I wore it, and so here I stand with thee.
MERCHANT.
In this I see but shadowy connection.
SOBEIDE.
How I connect my being forced to smile
And finally becoming wife to thee?
Wilt thou know this? And must I tell thee all?
Then knowst thou, since thou art rich, so little
Of life, and hast no eyes for aught but stars,
And flowers in thy heated greenhouse? Listen:
This is the cause: a poor man is my father,
Not always poor, much worse: once rich, now poor,
And many people's debtor, most of all
Thy debtor. And his starving spirit lived
Upon my smile, as other people's hearts
On other lies. These last years, since thou camest,
I knew my task; till then had been my schooling.
MERCHANT.
And so became my wife!
As quick she would have grasped her pointed shears
And opened up a vein and with her blood
Have let her life run out into a bath,
If that had been the price with which to purchase
Her father's freedom from his creditor!
... Thus is a wish fulfilled!
SOBEIDE.
Be not distressed. This is the way of life.
I am myself as in a waking dream.
As one who, taken sick, no more aright
Compares his thoughts, nor any more remembers
How on the day before he viewed a matter,
Nor what he then had feared or had expected:
He cannot look with eyes of yesterday ...

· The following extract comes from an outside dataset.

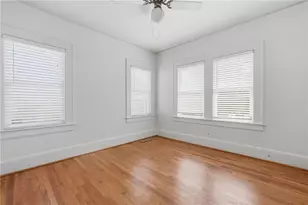 868 Durant Pl NE, Atlanta, GA 30308 - Photo 21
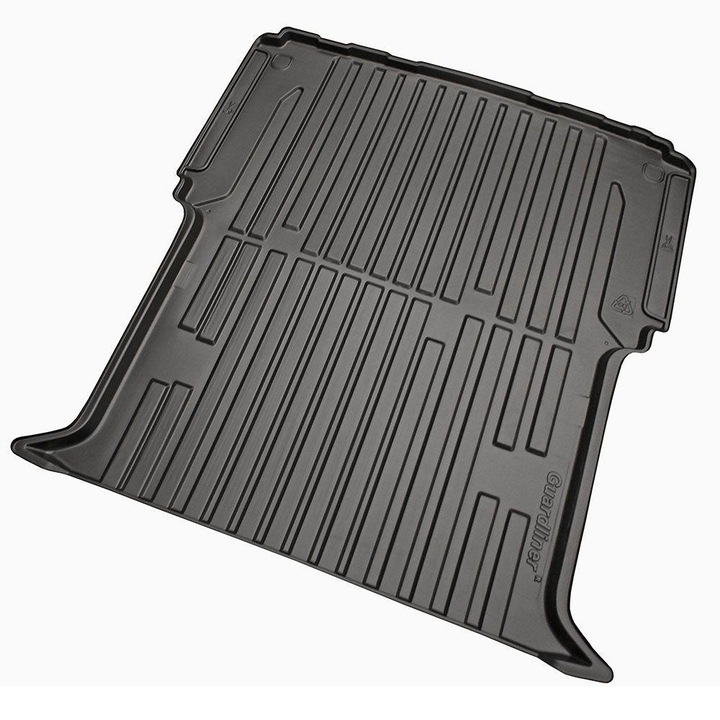 ARISTAR Teherautó tálca, Renault Renault Kangoo II, gyártási év 10.2012 - napjainkig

So also when we reach the worser stages
Of that great illness: Life. I scarcely know
Myself how great my fear of many things,
How much I longed for others, and I feel,
When some things cross my mind, as if it were
Another woman's fate, and not my own,
Just some one that I know about, not I.
I tell thee, I am bitter, but not evil:
And if at first I was too wild for thee,
There will be no deception in me later,
When I shall sit at ease and watch thy gardeners.
My head is tired out. I grow so dizzy,
When I must keep two things within myself
That fight against each other. Much too long
Have I been forced to do this. Give me peace!
Thou giv'st me this, and for that I am grateful.